Output exactly, in the material below, the lines from the one with "Woman's Nike Tank Top Size Small" through the one with "Used 2013 BMW 750i RWD image 25". Omit all pictures.

**Data under study**
--------------------------------------------------
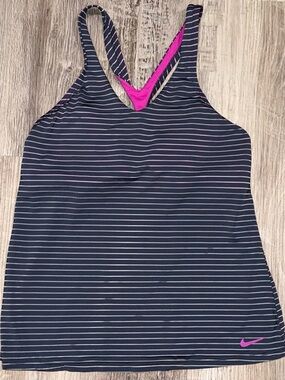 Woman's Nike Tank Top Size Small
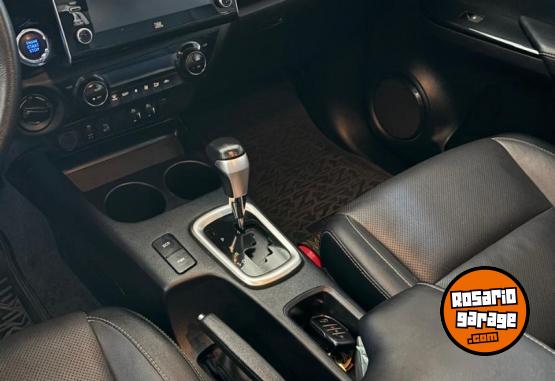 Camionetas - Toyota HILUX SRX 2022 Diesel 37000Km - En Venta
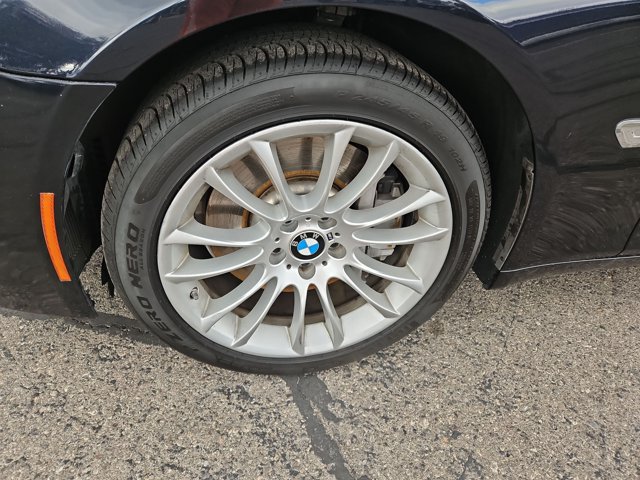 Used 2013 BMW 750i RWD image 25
--------------------------------------------------
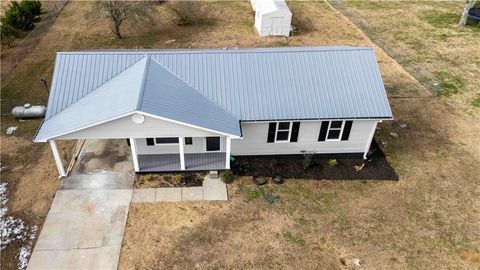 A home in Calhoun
--------------------------------------------------
**Problem solution**
 Woman's Nike Tank Top Size Small
 Camionetas - Toyota HILUX SRX 2022 Diesel 37000Km - En Venta
 Used 2013 BMW 750i RWD image 25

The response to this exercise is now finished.